If nothing loads: double-check the container IP, and confirm Hermes is actually running with systemctl status inside the container before you go hunting for anything fancier.

The Built-In API (port 8642)

Hermes also ships an OpenAI-compatible API at:

http://<lan-ip>:8642/v1

The key lives in that same /home/hermes/.hermes/.env. This is the part I actually care about: anything that speaks the OpenAI API format (your own scripts, n8n, another self-hosted app) can point at Hermes as if it were OpenAI, and Hermes routes to whatever model you configured behind it. One endpoint, swap the brain underneath, no client changes.

Getting To It Remotely

The SSH tunnel above is the zero-setup private option, and honestly it's enough for most solo use.
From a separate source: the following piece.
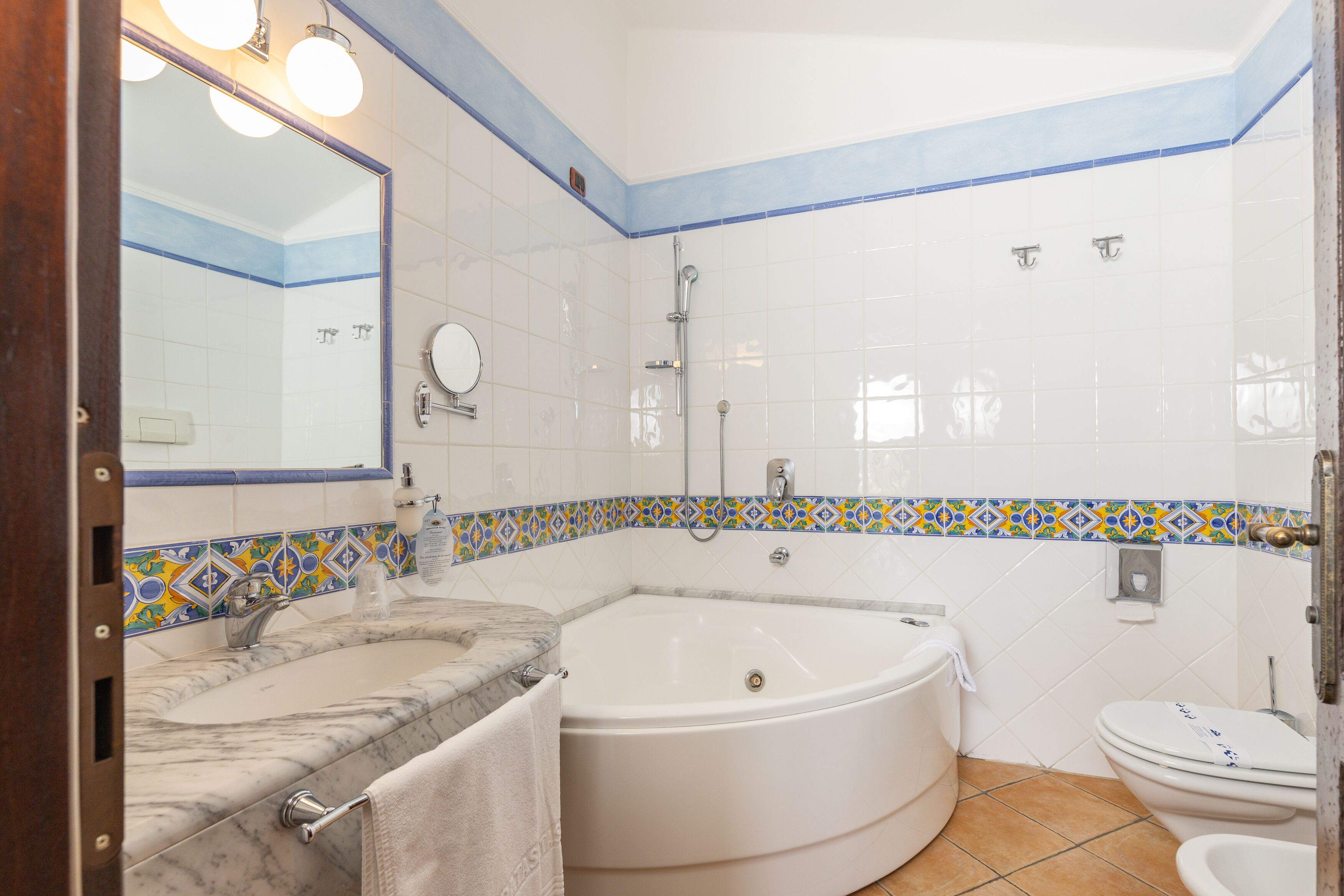 junior double room, jetted tub, tower | bathroom | jetted bath, rainfall showerhead, free toiletries, hair dryer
If you want a URL that's always there, two forks, the same ones I use for other homelab services:

Option A: Tailscale (Private, Recommended). Install Tailscale inside the LXC and you reach the dashboard and the API over your tailnet from anywhere, with nothing open to the public internet. This is what I'd do. I put Tailscale in the container rather than on the Proxmox host, safer if anything breaks.

Option B: Cloudflare Tunnel (Public). If you truly need it public, route a hostname through a Cloudflare Tunnel to the container. Heads up: this puts an AI agent that can run terminal commands behind a public URL. I would not do this without Cloudflare Access (or at least real auth) in front of it. Treat it like leaving a root shell on the internet, because it's not far off.

Closer

And that's it. One command to build the container, hermes setup to pick your brain, an SSH tunnel to the dashboard, and an OpenAI-compatible endpoint the rest of your homelab can point at. Personal poking around: local Ollama plus the SSH tunnel. Want it smart and reachable: cloud model plus Tailscale. Public: only with Access in front.

Script and source: community-scripts.org/scripts/hermesagent and the Hermes repo at github.com/NousResearch/hermes-agent. It's early and moving fast, so expect the install to drift from this over the next few releases.